Question - Trying to understand how convolution operation works w.r.t input feature volume & output feature volume

Current Understanding - when we say 10 * 10 * 16 w.r.t. feature maps or kernels, it’s 10 * 10 as spatial dimension i.e. height * width & 16 represents number of such 10 * 10 feature maps or kernels
correct me if I am wrong in my understanding

now my doubt,
For example, If I have 10 * 10 * 6 input feature volume & I want 10 * 10 * 16 output feature volume (padding=same), if I am using a 3 * 3 spatial dimensional kernels, my questions are below,

  1. What will be the kernel volume required? I am guessing its 3 * 3 * 16 i.e. 16 different kernels of 3 * 3 spatial dimensions, but not sure.

  2. If it’s 3 * 3 * 16, how the convolution operation is taking place? like how we are getting 16 output feature maps by performing convolution between 6 (input features each of 10 * 10) & 16 (kernels each of 3 * 3)
    Theory 1 - Is it like one 3 * 3 * 1 kernel convolve over all 10 * 10 * 16 input channels to give me one 10 * 10 * 1 output channel, then the next 3 * 3 * 1 kernel convolve over 10 * 10 * 16 input channels to give another 10 * 10 * 1 output channel, & we are staking them to get 10 * 10 * 2 output channels after using 2 kernels? So after using all 16 kernels we get 16 output channels is it the case.

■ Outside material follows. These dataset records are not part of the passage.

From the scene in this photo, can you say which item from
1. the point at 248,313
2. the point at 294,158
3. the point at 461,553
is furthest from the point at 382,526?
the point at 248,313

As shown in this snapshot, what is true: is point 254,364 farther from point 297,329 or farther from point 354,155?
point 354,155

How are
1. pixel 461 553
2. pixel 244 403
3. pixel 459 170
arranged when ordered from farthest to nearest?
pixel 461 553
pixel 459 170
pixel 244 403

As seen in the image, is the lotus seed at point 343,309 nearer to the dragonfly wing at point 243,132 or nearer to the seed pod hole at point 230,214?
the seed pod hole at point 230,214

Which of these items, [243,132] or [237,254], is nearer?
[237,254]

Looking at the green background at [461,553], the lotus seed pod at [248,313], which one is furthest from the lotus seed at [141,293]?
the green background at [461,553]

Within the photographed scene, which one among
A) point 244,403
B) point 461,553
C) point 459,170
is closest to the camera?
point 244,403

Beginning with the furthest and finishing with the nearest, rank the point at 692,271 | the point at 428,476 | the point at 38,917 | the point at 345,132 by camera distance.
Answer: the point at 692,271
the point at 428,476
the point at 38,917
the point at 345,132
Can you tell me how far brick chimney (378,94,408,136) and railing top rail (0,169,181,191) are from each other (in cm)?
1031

  3. If the Theory 1 is correct, how does the convolution operation takes place?
    for sake of simplicity, Say we reduce the input channels to 10 * 10 * 2, channel 1 - Red, channel 2 - Green,
    We reduce the filter to just one 3 * 3 * 1,

Now I know that when I put 3 * 3 * 1 filter on Red channel’s top left corner after performing convolution I get a single value as output, same will happen after performing convolution with same kernel on top left corner of Green channel, but now I have 2 values, one from each channel, I know that the output should be 1 value, the question is how we are getting from this 2 values to output 1 value? are we using some aggregation like avg/sum/max etc.?

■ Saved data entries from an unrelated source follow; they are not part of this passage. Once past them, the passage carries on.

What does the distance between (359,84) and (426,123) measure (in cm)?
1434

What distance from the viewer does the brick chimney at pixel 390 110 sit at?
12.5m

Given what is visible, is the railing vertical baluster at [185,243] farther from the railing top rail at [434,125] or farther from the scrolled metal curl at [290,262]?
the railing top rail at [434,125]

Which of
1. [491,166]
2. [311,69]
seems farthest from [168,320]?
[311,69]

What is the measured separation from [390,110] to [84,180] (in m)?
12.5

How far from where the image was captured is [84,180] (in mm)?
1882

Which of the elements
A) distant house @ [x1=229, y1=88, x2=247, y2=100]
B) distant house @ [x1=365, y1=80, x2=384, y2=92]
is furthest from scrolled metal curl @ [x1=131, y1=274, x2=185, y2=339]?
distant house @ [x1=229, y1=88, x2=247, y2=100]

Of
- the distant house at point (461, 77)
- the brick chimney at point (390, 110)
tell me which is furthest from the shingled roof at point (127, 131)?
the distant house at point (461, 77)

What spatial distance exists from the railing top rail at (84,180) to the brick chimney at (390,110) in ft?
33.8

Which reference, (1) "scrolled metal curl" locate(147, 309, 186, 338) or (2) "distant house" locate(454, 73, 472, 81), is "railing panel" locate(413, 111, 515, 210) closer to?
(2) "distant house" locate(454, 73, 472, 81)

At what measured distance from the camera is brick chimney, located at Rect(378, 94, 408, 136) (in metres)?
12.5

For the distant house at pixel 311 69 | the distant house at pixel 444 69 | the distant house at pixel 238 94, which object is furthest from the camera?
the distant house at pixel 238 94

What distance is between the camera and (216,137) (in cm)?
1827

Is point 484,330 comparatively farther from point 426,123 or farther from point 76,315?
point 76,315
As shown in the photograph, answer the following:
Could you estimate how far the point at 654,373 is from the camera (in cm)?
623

some reference docs/links would be preferable if you could share,
thanks.

2 Likes

Please pick the correct week-x tag for your question.
Do look at the 1st assignment for week 1 where you implement the forward pass for a conv2d and pool layers. That should clear the doubts you have on this topic.

1 Like

If the inputs to a given layer are 10 x 10 x 6, that means you have 6 “channels” in the input. So at the current layer each filter must match the number of channels on the inputs. So if you choose f = 3, then each filter at the current layer will be 3 x 3 x 6. And if you want to have 16 output channels from the current layer, then you need 16 of those 3 x 3 x 6 filters. Then you compute the output shape in the h and w dimensions by using the formula Prof Ng gave us in the lectures:

n_{out} = \displaystyle \lfloor \frac {n_{in} + 2p - f}{s} \rfloor + 1

Applying that with s = 1 and p = 0 we get:

n_{out} = \displaystyle \lfloor \frac {10 + 2 * 0 - 3}{1} \rfloor + 1 = 8

In that case, the output of the current layer would be 8 x 8 x 16.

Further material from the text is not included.